Ook in dat geval zou ik de gegevens op tafel willen hebben. Ik sta hier overigens niet afkerig tegenover. Het is beslist niet zo dat ik per se allerlei dingen wil schrappen. Wel wil ik zien of die tijdelijke ontheffingsregeling voldoende effectief is geweest. Die regeling geldt tot 2003. De evaluatie van de wet komt eind van dit jaar. Wij hebben dus een jaar de tijd om te bezien of wij voor of tegen opheffing zijn. De WTOS volgt dus de Wet educatie en beroepsonderwijs.

Mevrouw Lambrechts (D66):

Maar nogmaals, als er een duidelijke uitspraak van de Kamer – die ook haar bronnen in het veld heeft – ligt, is dat mede richtinggevend voor de uitkomst van de bijdrage in het kader van de WTOS.

Minister Hermans:

U kunt natuurlijk een uitspraak doen voordat de evaluatie er is, maar ik wil op die evaluatie wachten. Zo beschik ik ook nog niet over gegevens betreffende de trajectkaart.

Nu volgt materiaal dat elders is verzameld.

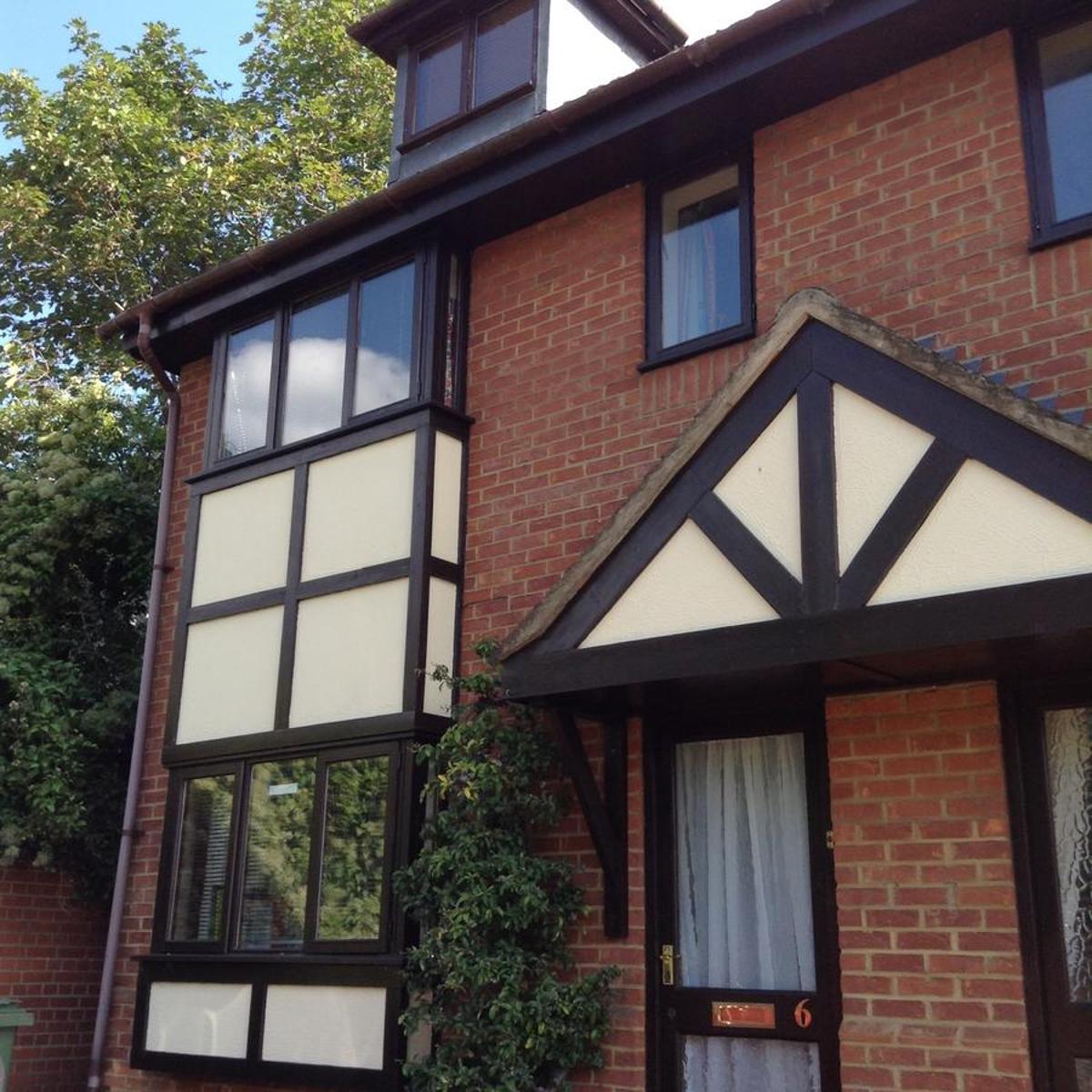 Sunny Room in Buckingham - Housity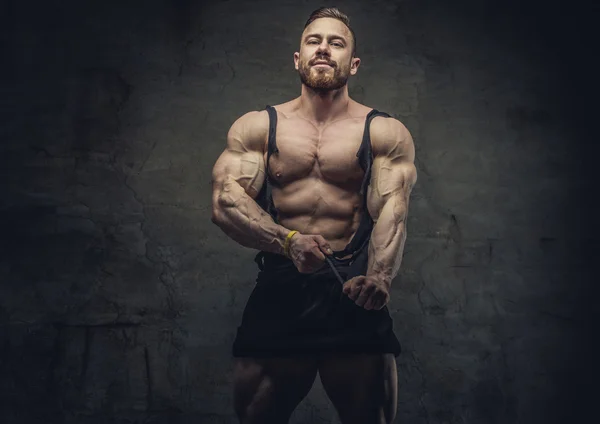 Huge bodybuilder rend his garments — Stock Photo, Image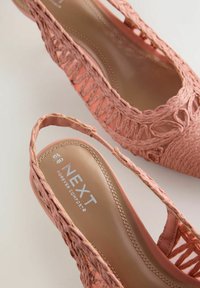 Roze geweven slingback platte schoenen met gevoerde binnenzolen en een ronde neus, gelabeld Next Forever Comfort, maat 40.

In de motie van mevrouw Kant wordt de regering gevraagd, te onderzoeken welke BOL-opleiding meer kost dan ƒ 1613. Ik zal ervoor zorgen dat zij onze gegevens over de spreiding van de kosten ontvangt.

Mij is gevraagd om duidelijkheid over de amendementen te geven. Ik ontraad aanvaarding van het amendement op stuk nr. 7 van de heer Rehwinkel. De daarin genoemde doelgroep is zeer beperkt. Verder is volgens mij een landelijke regeling overbodig. Ik meen dat wij beter kunnen inspelen op specifieke situaties. Hierbij is, zoals ik daarnet aangaf, sprake van een goed voorbeeld van deregulatie. Ook het amendement op stuk nr. 8 van de heer Rehwinkel ontraad ik. Ik heb een andere afweging gemaakt. Het amendement op stuk nr. 9 van de heer Mosterd c.s. om de reiskosten voor het VO afstandsafhankelijk te maken, is slecht uitvoerbaar en zeker niet op korte termijn. Het verhoogt de lastendruk van de scholen. Ik ontraad sterk aanvaarding hiervan. In het amendement op stuk nr. 10 van de heer Mosterd wordt voorgesteld het kortingspercentage van de glijdende schaal te verlagen van 26 naar 10. Ook dit amendement moet ik sterk ontraden, omdat de dekking van 150 mln. niet in de prioriteitstelling past. In het amendement op stuk nr. 11 van de leden Mosterd en Van der Vlies wordt een reiskostenvoorziening van ƒ 440 voor alle BOL-deelnemers voorgesteld, zonder aanpassing van de glijdende schaal. Dit betekent, kortom, geen dekking van 30 mln. Ik ontraad sterk aanvaarding van dit amendement. Tot slot ontraad ik aanvaarding van het amendement op stuk nr. 12 van mevrouw Kant dat een splitsing voorstelt van bovenbouw, HAVO en VWO. Dit voorstel is niet uitvoerbaar omdat de IB-groep een dergelijk verschil niet kent.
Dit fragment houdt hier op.